All that is needed is the first stretch of the listing below, repeated exactly and ending with the line that contains "white paper postcard". Pictures are to be left out.
──────── DATASET SECTION
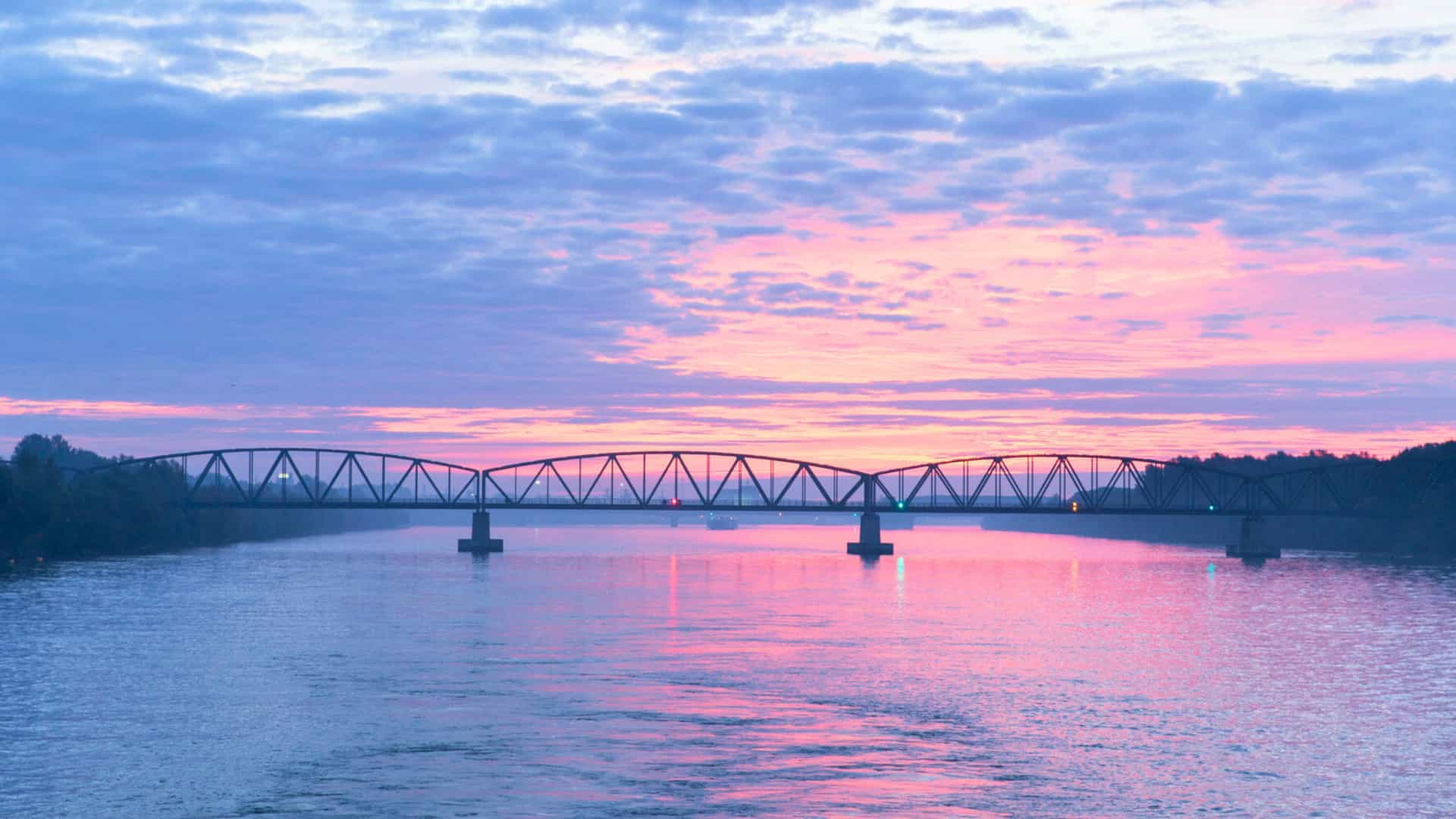A beautiful sunset over the Danube River, with a bridge silhouetted against a sky painted in shades of pink, purple, and orange, capturing a peaceful moment on a Uniworld river cruise.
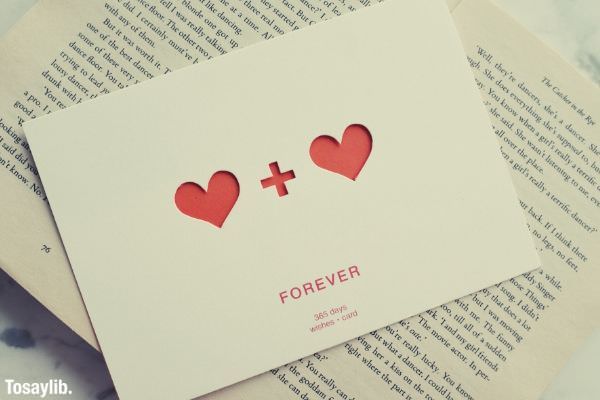 white paper postcard with heart plus heart forever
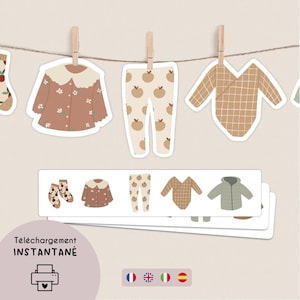 Op de afbeelding: Een verzameling stickeruitsparingen van kinderkleding, waaronder een bruine top met bloemen, een broek met appelprint en een geruite onesie, hangend aan een touwtje met wasknijpers. De afbeelding bevat ook een stapel kledingstickers en de tekst "Téléchargement INSTANTANÉ".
────────────────
## FINISHED EXERCISE
A beautiful sunset over the Danube River, with a bridge silhouetted against a sky painted in shades of pink, purple, and orange, capturing a peaceful moment on a Uniworld river cruise.
 white paper postcard with heart plus heart forever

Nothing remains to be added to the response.